The reason this is important is because surfactant is not produced in a fetus until the ninth
month, so premature babies don’t have enough surfactant  RESPIRATORY
DISTRESS SYNDROME, which is the #1 cause of death in premature babies. You
know how hard it is to blow up a brand new balloon? Imagine a baby having to do that
with every single breath. You get tired. The treatment is to spray artificial surfactant into
the lungs, and put them on a respirator to push air in. The more distal regions are still
collapsed, so there are still problems.
PNEUMONIA is when there is fluid in the lungs, usually from a viral or bacteria
infection of the bronchi and alveoli. Blood plasma leaks out and fills the lungs, making it
difficult to breathe. Needs hospitalization with iv antibiotics.

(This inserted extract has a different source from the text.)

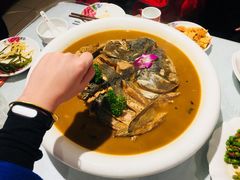-阿三鱼头泡饼·家常菜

TUBERCULOSIS is an infection of a really bad bacteria that get in the lungs and
make themselves a capsule to hide in, where antibiotics can’t reach. They set up shop
in the lungs and reproduce. Soon, the lungs fill up with these hard nodes and make it
difficult to breathe. It causes extreme coughing, and then lots of these bacteria break off
and get spewed into the air, where someone else can inhale them. It is extremely
contagious and very deadly. If a person gets TB, the State Health Department has to be
notified. They will show up at your house every morning for six months and stand there
and watch you take your pills. If you don’t accept this, they have the right to haul you
away to a lock-up facility and force the medicine in you for six months. There are only a
few diseases where the State Health Department will step in like this: anthrax, typhoid
fever, and bubonic plague are other diseases where you don’t get a choice; you are forced
into isolation. Diseases like TB and the plague have almost wiped out Europe! A TB test
will be positive if you have been exposed to the organism at any point in your life. Then
you’ll have to go in for an x-ray to see if it is an active case of TB or not. Once you
recover from TB you will always have a positive TB test, so tell the nurse that in
advance. You may have to provide documentation that you have been treated for it
already. Most employers require TB tests before hiring. I had to take one to work here.